I was asked yesterday what measurements a team could start to take to track their progress towards continuous delivery. Here are some initial thoughts.
Lead time per work item to production
Lead time starts the moment we have enough information that we could start the work (ie it’s “ready”). Most teams that measure lead time will stop the clock when that item reaches the teams definition of “done” which may or may not mean that the work is in production. In this case, we want to explicitly keep tracking the time until it really is in production.
Note that when we’re talking about continuous delivery, we make the distinction between deploy and release. Deploy is when we’ve pushed it to the production environment and release is when we turn it on. This measurement stops at the end of deploy.
Cycle time to “done”
If the lead time above is excessively long then we might want to track just cycle time. Cycle time starts when we begin working on the item and stops when we reach “done”.
When teams are first starting their journey to continuous delivery, lead times to production are often measured in months and it can be hard to get sufficient feedback with cycles that long. Measuring cycle time to “done” can be a good intermediate measurement while we work on reducing lead time to production.
If a bug is discovered after the team said the work was done then we want to track that. Prior to hitting “done”, it’s not really a bug – it’s just unfinished work.
Shipping buggy code is bad and this should be obvious. Continuously delivering buggy code is worse. Let’s get the code in good shape before we start pushing deploys out regularly.
Defect fix times
How old is the oldest reported bug? I’ve seen teams that had bug lists that went on for pages and where the oldest were measured in years. Really successful teams fix bugs as fast as they appear.
Total regression test time
Track the total time it takes to do a full regression test. This includes both manual and automated tests. Teams that have primarily manual tests will measure this in weeks or months. Teams that have primarily automated tests will measure this in minutes or hours.
This is important because we would like to do a full regression test prior to any production deploy. Not doing that regression test introduces risk to the deployment. We can’t turn on continuous delivery if the risk is too high.

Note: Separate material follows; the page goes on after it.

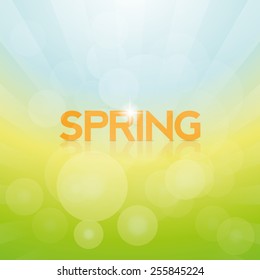 a colored background with text and its reflection for spring season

Time the build can be broken
How long can your continuous integration build be broken before it’s fixed? We all make mistakes. Sometimes something gets checked in that breaks the build. The question is how important is it to the team to get that build fixed? Does the team drop everything else to get it fixed or do they let it stay broken for days at a time?
Continuous delivery isn’t possible with a broken build.
Number of branches in version control
By the time you’ll be ready to turn on continuous delivery, you’ll only have one branch. Measuring how many you have now and tracking that over time will give you some indication of where you stand.
If your code isn’t in version control at all then stop taking measurements and just fix that one right now. I’m aware of teams in 2015 that still aren’t using version control and you’ll never get to continuous delivery that way.
Production outages during deployment
If your production deployments require taking the system offline then measure how much time it’s offline. If you achieve zero-downtime deploys then stop measuring this one. Some applications such as batch processes may never require zero-downtime deploys. Interactive applications like webapps absolutely do.
I don’t suggest starting with everything at once. Pick one or two measurements and start there.